+ In the name of the Father, and of the Son, and of the Holy Spirit. Amen.
Opening (A Collect for Peace – Tuesday)
O God, the author of peace and lover of concord, to know you is eternal life and to serve you is perfect freedom: Defend us, your humble servants, in all assaults of our enemies; that we, surely trusting in your defense, may not fear the power of any adversaries, through the might of Jesus Christ our Lord. Amen.
Morning Reading – Luke 22:7-23:25 (NLT)
The Last Supper
Now the Festival of Unleavened Bread arrived, when the Passover lamb is sacrificed. Jesus sent Peter and John ahead and said, “Go and prepare the Passover meal, so we can eat it together.”
“Where do you want us to prepare it?” they asked him.
He replied, “As soon as you enter Jerusalem, a man carrying a pitcher of water will meet you. Follow him. At the house he enters, say to the owner, ‘The Teacher asks: Where is the guest room where I can eat the Passover meal with my disciples?’ He will take you upstairs to a large room that is already set up. That is where you should prepare our meal.” They went off to the city and found everything just as Jesus had said, and they prepared the Passover meal there.

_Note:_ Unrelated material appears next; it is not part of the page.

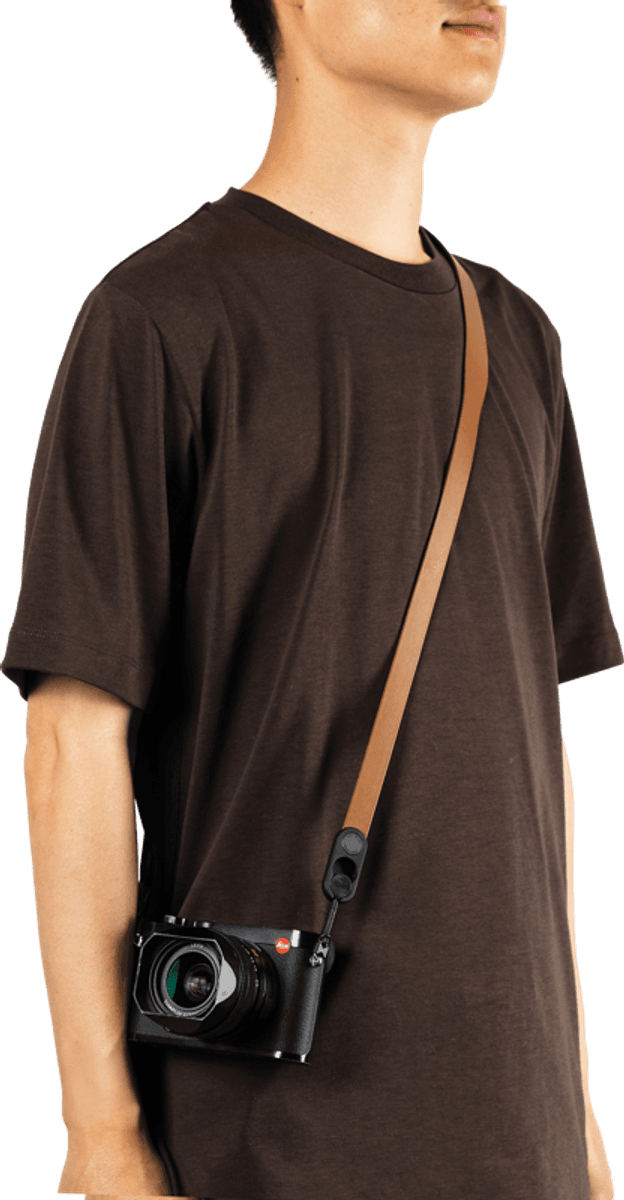 Peak Design Form Leather Camera Strap Standard Tan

When the time came, Jesus and the apostles sat down together at the table. Jesus said, “I have been very eager to eat this Passover meal with you before my suffering begins. For I tell you now that I won’t eat this meal again until its meaning is fulfilled in the Kingdom of God.”

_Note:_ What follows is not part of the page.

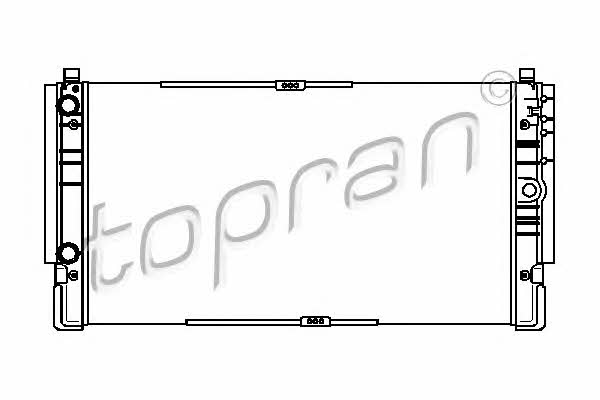 Topran 113 326 Радіатор охолодження двигуна 113326: Приваблива ціна - Купити в Україні на EXIST.UA!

Then he took a cup of wine and gave thanks to God for it. Then he said, “Take this and share it among yourselves. For I will not drink wine again until the Kingdom of God has come.”

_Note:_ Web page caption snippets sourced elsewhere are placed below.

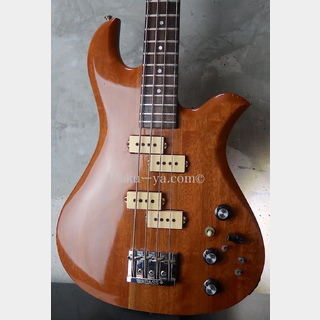 B.C.Rich USA  / Vintage - Eagle Bass / Natural / Red Ping 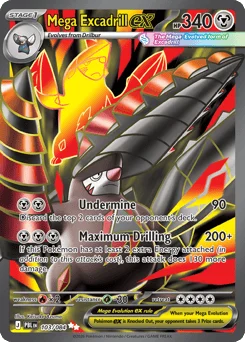 Mega Excadrill ex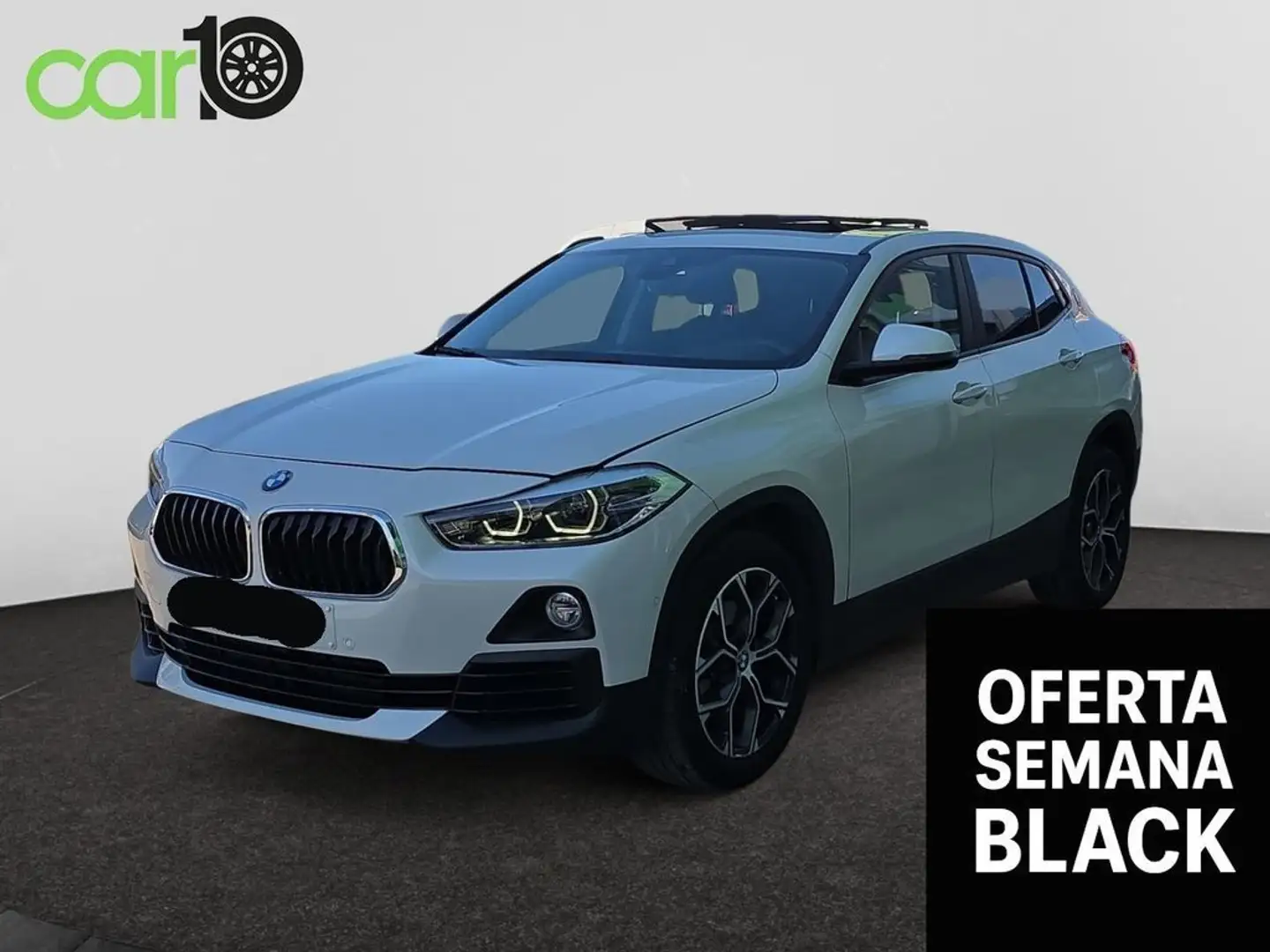 BMW X2 sDrive18i Blanco - 1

He took some bread and gave thanks to God for it. Then he broke it in pieces and gave it to the disciples, saying, “This is my body, which is given for you. Do this in remembrance of me.”
After supper he took another cup of wine and said, “This cup is the new covenant between God and his people—an agreement confirmed with my blood, which is poured out as a sacrifice for you.
“But here at this table, sitting among us as a friend, is the man who will betray me. For it has been determined that the Son of Man must die. But what sorrow awaits the one who betrays him.” The disciples began to ask each other which of them would ever do such a thing.
Then they began to argue among themselves about who would be the greatest among them. Jesus told them, “In this world the kings and great men lord it over their people, yet they are called ‘friends of the people.’ But among you it will be different. Those who are the greatest among you should take the lowest rank, and the leader should be like a servant. Who is more important, the one who sits at the table or the one who serves? The one who sits at the table, of course. But not here! For I am among you as one who serves.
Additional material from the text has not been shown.